Regression toward the mean[1][2], also called reversion to the mean,[3] is a principle in statistics that states that if a pair of independent measurements are made from the same distribution, samples far from the mean on the first measurement will tend to be closer to the mean on the second one. Moreover, the farther from the mean on the first measurement, the stronger the effect is. Random variance affects the measurement of any variable: this random variance will cause some samples to be extreme. For the second measurement, these samples will appear to regress because the random variance affecting the samples in the second measurement is independent of the random variance affecting the first. Thus, regression toward the mean is a mathematical inevitability: any measurement of any variable that is affected by random variance must show regression to the mean.

For example, if you give a class of students a test on two successive days, the worst performers on the first day will tend to improve their scores on the second day, and the best performers on the first day will tend to do worse on the second day. The phenomenon occurs because each sample is affected by random variance. Student scores are determined in part by underlying ability and in part by purely stochastic, unpredictable chance. For the first test, some will be lucky, and score more than their ability, and some will be unlucky and score less than their ability. Some of the lucky students on the first test will be lucky again on the second test, but more of them will have (for them) average or below average scores. Therefore a student who was lucky on the first test is more likely to have a worse score on the second test than a better score. Similarly, students who score less than the mean on the first test will tend to see their scores increase for the second test.

The magnitude of regression toward the mean depends on the ratio of error variance over the total variance within the sample. If a measurement is determined largely by random chance, then regression to the mean will be very large. If measurement is determined largely by known factors, regression to the mean will be less. In one extreme case, where all individuals are identical and all differences are caused by measurement error, there will be 100% regression toward the mean. If we ask 10,000 people to flip a fair coin ten times, the people who flipped ten heads the first time are expected to get five heads on a repeat experiment, the same as the people who flipped zero heads the first time. In the other extreme of perfect measurement, there is not any regression toward the mean. We expect the second measurement will be the same as the first.

Contents

[edit] History

The concept of regression comes from genetics and was popularized by Sir Francis Galton during the late 19th century with the publication of Regression Towards Mediocrity in Hereditary Stature. Galton observed that extreme characteristics (e.g., height) in parents are not passed on completely to their offspring. Rather, the characteristic in the offspring regress towards a mediocre point (a point which has since been identified as the mean). By measuring the heights of hundreds of people, he was able to quantify regression to the mean, and estimate the size of the effect. Galton wrote that, "the average regression of the offspring is a constant fraction of their respective mid-parental deviations." This means that the difference between a child and its parents for some characteristic is proportional to its parents deviation from typical people in the population. So if its parents are each two inches taller than the averages for men and women, on average it will be shorter than its parents by some factor (which, today, we would call one minus the regression coefficient) times two inches. For height, Galton estimated this correlation coefficient to be about 2/3: the height of an individual will measure around a mid-point that is 2/3rds of the parents deviation.

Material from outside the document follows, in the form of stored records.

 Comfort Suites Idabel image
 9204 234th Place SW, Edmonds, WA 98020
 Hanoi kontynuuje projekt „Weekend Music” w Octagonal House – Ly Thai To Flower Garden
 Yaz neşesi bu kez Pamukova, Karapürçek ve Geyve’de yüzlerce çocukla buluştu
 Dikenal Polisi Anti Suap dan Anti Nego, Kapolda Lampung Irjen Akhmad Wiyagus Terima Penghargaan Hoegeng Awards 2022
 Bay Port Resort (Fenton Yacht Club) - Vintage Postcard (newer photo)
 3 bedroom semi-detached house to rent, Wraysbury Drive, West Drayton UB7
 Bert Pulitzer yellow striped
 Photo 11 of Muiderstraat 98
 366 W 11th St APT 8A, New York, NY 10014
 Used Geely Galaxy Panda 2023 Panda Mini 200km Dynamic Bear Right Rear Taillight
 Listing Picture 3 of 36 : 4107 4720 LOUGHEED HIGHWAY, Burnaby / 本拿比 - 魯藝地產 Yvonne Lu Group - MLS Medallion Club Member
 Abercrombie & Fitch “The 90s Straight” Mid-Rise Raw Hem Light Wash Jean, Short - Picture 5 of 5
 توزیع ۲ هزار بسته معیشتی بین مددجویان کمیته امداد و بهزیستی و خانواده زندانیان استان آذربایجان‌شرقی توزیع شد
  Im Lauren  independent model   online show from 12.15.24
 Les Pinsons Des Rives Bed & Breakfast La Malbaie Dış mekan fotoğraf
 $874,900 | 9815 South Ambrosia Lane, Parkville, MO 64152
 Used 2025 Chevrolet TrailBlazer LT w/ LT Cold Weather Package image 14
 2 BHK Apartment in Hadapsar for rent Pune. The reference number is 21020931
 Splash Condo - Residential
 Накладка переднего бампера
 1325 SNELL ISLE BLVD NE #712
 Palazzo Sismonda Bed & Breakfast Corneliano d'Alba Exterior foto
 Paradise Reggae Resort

Although Galton popularized the concept of regression, he fundamentally misunderstood the phenomenon; thus, his understanding of regression differs from that of modern statisticians.[citation needed] Galton was correct in his observation that the characteristics of an individual are not determined completely by their parents; there must be another source. However, he explains this by arguing that, "A child inherits partly from his parents, partly from his ancestors. Speaking generally, the further his genealogy goes back, the more numerous and varied will his ancestry become, until they cease to differ from any equally numerous sample taken at haphazard from the race at large."[4] In other words, Galton believed that regression toward the mean was simply an inheritance of characteristics from ancestors that are not expressed in the parents: he did not understand regression to the mean as a statistical phenomenon. In contrast to this view, it is now known that regression toward the mean is a mathematical inevitability: if there is any random variance between the height of an individual and parents - if the correlation is not exactly equal to 1 - then the predictions must regress to the mean regardless of the underlying mechanisms of inheritance, race or culture. Thus, Galton was attributing random variance in height to the ancestry of the individual.

[edit] Why it matters

The most important reason to care about regression toward the mean is in the design of experiments.

Take a hypothetical example of 1,000 males of a similar age who were examined and scored on the risk of experiencing a heart attack. Statistics could be used to measure the success of an intervention on the 50 who were rated at the greatest risk. The intervention could be a change in diet, exercise, or a drug treatment. Even if the interventions are worthless, the test group would be expected to show and improvement on their next physical exam, because of regression toward the mean. The best way to combat this effect is to divide the group randomly into a treatment group that receives the treatment, and a control group that does not. The treatment would then be judged effective only if the treatment group improves more than the control group.

Alternately, a group of disadvantaged children could be tested to identify the ones with most college potential. The top 1% could be identified and supplied them with special enrichment courses, tutoring, counseling and computers. Even if the program is effective, their average scores may well be less when the test is repeated a year later. However, in these circumstances it may be considered unfair to have a control group of disadvantaged children whose special needs are ignored. A mathematical calculation for shrinkage can adjust for this effect, although it will not be as reliable as the control group method (see also Stein's example.)

The effect can also be exploited for general inference and estimation. The hottest place in the country today is more likely to be cooler tomorrow than hotter. The best performing mutual fund over the last three years is more likely to see performance decline than improve over the next three years. The most successful Hollywood actor of this year is likely to have less gross than more gross for his or her next movie. The baseball player with the greatest batting average by the All-Star break is more likely to have a lower average than a higher average over the second half of the season.

[edit] Warnings

The concept of regression toward the mean can be misused very easily.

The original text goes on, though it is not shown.